The deconstruction of her former identity, and the nearness to doom, enable Justine to come into contact again with an underlying vigor for life, an appreciation of what really matters “on earth,” where ultimately nothing lasts, because we are all mortal.


She rejects Claire’s suggestion that their last moments be spent “on the patio” with “a glass of wine and candles” and Beethoven’s ninth, because all of these forms and “accessories,” these “ultimate commodities” of the western world, are built on a denial of, and have been interposed between, the self and the primordial authenticity of our condition. Authenticity has been replaced with commodity.

Instead, Justine opts to go into the woods with the child, in part symbolizing her own renewed inner child, to find sticks. She builds a spare kind of teepee structure, the “magic cave.” Justine chooses this “magic cave,” constructed from plain sticks drawn straight from the simple woods, over the wealthy setting of the castle, as a more true place to be. The magic cave symbolizes a more healthy, more honest dwelling place for humanity, a dwelling place for our living, which is also the place where we die.

I think it no accident that the magic cave is like a teepee. Melancholia the planet is like the juggernaut of the west that came down upon and wiped out indigenous peoples everywhere, including the Native American indians, and replaced their way of life with something else: a materialist dream, rooted in a blind industrialism that is ultimately destroying the planet and that leads to the ugly social dysfunction manifested during the wedding party.
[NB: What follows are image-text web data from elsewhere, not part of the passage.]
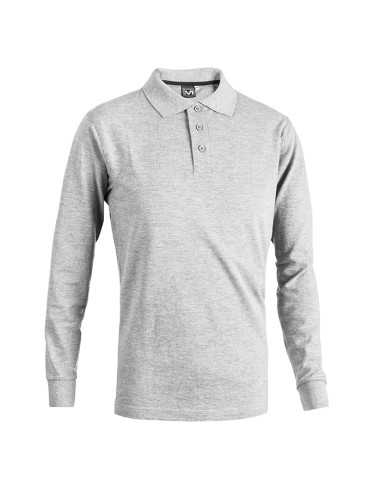 Becher - Polo Uomo
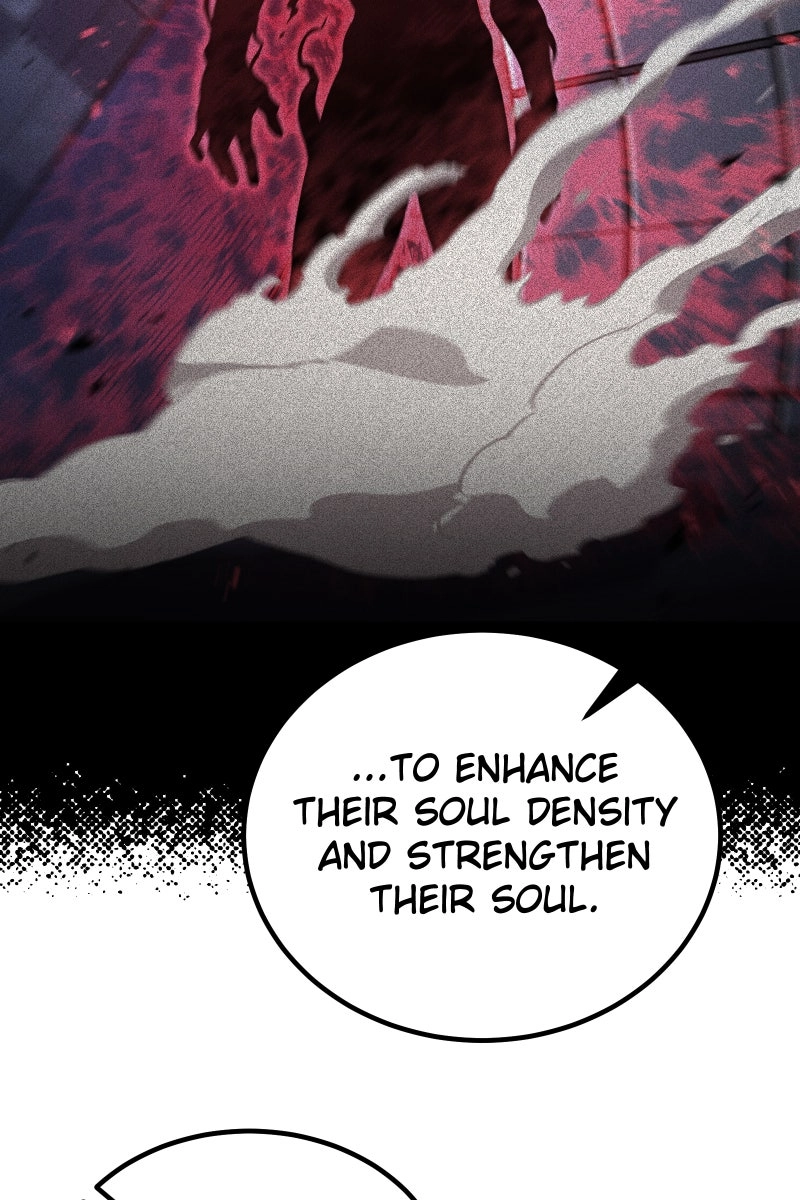 Double Kill Chapter 17 page 57 - 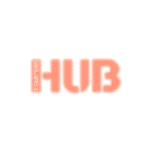 Yatırımcı Paydaşlar 26 Yatırımcı Paydaşlar 26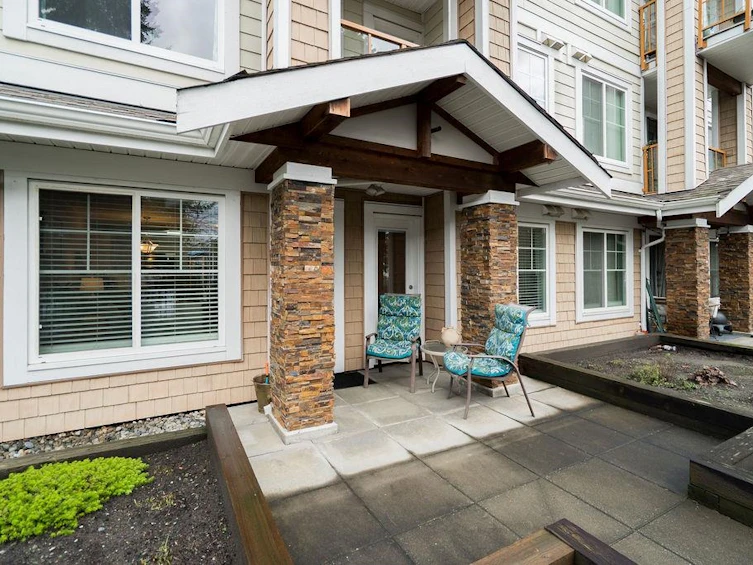 111-1969 Westminster Avenue, Port Coquitlam, BC, V3B 1E7 - 28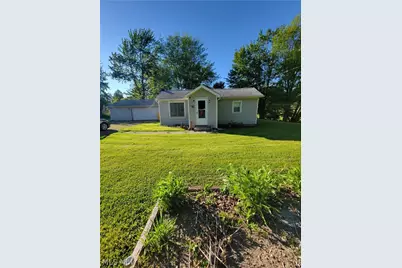 498 Walnut Street, Conneaut, OH 44030 - Photo 44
This film is a rejection of those materialist values and an embrace of something much more basic. Let us give up all the pretense. Let us embrace the simple, the primitive. Let us face death together authentically. Let us enjoy the gift we have been given of this earth. Death is coming, and yet we sell our souls for corporate jobs so we can buy expensive real-estate, join golf clubs, drive fancy cars and follow all the dreams that advertising can paint.